Serving up Cartesians with symmetry operations (necessarily fractional) seems odd to me.

Indeed it is odd; good point!

  • For anyone wanting to convert back from Cartesians to the original fractional coordinates (alas!)

As I understand, the fractional coordinates were discussed but not yet described.

Should we make an issue for this?

@sauliusg
Copy link
Contributor Author

  • Personally, I would prefer ITA number + H-M + operations. The ITA number and H-M would both be valuable for searches

I agree. Does this mean that we lean towards more complete solution (2) (which would also leave the currently merged Hall symbols, which there should be if we add H-M)?

@sauliusg
Copy link
Contributor Author

There is also option 3:

3. IT number, symops list and **one** of [Hall, HM, Schönflies] symbols (the same one for all databases).

But what should we do if a client requests both H-M and Hall?

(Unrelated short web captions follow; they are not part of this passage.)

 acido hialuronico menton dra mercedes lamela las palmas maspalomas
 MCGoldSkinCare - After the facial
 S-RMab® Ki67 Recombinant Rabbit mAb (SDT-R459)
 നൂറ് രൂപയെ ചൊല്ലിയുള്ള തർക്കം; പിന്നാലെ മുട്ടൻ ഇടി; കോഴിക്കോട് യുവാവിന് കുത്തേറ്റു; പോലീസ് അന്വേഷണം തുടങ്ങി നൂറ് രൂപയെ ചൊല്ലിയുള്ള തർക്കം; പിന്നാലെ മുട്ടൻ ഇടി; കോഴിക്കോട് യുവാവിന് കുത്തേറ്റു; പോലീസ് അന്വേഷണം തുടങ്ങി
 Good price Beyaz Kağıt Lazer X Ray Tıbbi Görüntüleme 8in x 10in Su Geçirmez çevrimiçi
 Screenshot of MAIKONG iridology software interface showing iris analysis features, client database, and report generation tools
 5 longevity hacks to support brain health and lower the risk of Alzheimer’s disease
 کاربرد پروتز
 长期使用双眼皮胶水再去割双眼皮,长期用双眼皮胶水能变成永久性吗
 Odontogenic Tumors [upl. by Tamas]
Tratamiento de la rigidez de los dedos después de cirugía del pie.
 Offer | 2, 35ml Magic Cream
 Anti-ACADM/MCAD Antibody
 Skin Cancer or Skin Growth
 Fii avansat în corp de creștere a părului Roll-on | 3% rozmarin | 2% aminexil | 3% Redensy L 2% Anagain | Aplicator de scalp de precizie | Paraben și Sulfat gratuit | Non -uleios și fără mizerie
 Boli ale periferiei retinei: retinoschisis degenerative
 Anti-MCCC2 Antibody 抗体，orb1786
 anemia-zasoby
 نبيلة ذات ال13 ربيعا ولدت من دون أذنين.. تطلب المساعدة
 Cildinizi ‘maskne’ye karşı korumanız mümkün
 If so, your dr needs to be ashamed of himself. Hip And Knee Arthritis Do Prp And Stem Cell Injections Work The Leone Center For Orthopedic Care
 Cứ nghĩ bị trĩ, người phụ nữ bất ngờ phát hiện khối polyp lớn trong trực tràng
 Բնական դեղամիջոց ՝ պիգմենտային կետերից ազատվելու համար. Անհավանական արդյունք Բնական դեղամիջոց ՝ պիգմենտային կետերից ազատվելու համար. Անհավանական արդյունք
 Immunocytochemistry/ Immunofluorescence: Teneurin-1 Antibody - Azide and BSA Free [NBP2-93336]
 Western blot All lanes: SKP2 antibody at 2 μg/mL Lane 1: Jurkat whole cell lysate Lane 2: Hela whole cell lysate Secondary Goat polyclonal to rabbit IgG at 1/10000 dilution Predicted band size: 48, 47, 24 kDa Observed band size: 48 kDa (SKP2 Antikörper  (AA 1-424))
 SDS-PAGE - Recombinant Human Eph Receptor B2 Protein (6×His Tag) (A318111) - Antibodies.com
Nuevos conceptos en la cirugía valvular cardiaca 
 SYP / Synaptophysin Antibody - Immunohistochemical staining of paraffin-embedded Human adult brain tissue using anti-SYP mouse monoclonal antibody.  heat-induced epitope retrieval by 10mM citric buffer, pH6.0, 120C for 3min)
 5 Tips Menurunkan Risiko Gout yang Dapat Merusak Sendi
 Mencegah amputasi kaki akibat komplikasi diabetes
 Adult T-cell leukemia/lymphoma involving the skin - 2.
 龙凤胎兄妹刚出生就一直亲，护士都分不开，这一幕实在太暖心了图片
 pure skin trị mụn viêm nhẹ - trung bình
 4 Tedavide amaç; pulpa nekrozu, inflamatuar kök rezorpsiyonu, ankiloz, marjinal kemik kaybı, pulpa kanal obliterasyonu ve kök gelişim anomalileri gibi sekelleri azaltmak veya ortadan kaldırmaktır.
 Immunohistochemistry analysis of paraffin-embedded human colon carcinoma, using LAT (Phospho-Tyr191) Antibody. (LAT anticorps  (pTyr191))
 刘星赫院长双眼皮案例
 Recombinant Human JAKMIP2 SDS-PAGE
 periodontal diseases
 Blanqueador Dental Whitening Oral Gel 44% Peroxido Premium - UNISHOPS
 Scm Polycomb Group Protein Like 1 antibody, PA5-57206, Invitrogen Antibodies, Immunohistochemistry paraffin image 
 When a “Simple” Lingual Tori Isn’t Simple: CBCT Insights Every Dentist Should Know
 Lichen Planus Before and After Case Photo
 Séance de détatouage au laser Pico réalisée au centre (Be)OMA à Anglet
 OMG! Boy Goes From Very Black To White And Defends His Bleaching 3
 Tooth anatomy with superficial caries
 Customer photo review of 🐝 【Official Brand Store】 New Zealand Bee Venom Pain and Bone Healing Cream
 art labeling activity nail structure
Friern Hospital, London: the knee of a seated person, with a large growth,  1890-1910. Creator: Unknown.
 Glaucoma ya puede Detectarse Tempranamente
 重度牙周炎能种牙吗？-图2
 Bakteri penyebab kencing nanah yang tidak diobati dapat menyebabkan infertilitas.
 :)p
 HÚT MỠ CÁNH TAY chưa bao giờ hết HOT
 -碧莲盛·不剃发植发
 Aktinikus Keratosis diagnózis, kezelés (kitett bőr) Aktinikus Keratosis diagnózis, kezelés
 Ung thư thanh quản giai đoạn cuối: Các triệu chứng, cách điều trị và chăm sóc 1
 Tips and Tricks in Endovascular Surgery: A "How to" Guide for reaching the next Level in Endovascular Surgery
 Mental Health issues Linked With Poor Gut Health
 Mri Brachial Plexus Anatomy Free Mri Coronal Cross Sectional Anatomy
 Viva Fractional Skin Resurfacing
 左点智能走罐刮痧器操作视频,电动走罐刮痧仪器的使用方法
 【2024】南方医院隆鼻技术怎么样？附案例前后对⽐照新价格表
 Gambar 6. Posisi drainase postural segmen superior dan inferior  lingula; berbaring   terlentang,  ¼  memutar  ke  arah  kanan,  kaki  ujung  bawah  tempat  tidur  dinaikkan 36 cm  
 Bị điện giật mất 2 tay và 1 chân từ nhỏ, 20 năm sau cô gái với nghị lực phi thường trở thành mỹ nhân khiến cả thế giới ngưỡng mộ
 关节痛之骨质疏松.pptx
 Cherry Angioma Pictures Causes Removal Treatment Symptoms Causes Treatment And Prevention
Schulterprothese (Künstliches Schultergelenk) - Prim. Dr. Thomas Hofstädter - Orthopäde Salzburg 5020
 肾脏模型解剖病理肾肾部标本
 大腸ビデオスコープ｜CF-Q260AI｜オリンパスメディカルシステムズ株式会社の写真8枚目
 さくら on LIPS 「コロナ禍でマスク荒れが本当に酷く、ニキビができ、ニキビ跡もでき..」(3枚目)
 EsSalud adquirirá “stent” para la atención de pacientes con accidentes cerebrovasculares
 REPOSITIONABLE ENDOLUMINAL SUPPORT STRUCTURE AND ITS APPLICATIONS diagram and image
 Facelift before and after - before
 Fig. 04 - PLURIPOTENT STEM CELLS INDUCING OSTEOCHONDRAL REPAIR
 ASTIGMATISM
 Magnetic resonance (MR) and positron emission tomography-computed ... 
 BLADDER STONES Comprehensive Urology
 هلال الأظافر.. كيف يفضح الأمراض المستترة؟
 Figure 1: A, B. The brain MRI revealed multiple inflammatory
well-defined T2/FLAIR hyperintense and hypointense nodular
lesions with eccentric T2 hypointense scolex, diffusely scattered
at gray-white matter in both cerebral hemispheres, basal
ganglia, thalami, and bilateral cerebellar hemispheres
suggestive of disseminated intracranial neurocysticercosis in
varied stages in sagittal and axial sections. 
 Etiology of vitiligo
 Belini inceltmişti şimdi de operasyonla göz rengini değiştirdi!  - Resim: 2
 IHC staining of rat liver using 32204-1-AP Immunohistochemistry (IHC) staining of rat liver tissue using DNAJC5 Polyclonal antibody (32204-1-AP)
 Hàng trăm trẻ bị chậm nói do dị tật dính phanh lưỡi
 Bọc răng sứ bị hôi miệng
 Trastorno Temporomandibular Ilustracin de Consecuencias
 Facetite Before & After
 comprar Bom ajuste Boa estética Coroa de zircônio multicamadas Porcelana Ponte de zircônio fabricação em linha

This way the database implementers only have to worry about dealing with a single set of space group symbols and the conversion between different notations is dedicated to the clients. Having multiple alternative representations as proposed in (2) seems to have a high risk of leading to internal contradictions.

I think resolving contraditions is relatively easy:

Mandate (suggest) the search order:

  • if symops are given, use symops;
  • else, if Hall symbol is given, use the Hall symbol to look up or derive symops;
  • else, if universal H-M symbol is given, use that symbol to look up symops in your tables;
  • else, use either H-M or ITC number to look up the space group, assume standard setting.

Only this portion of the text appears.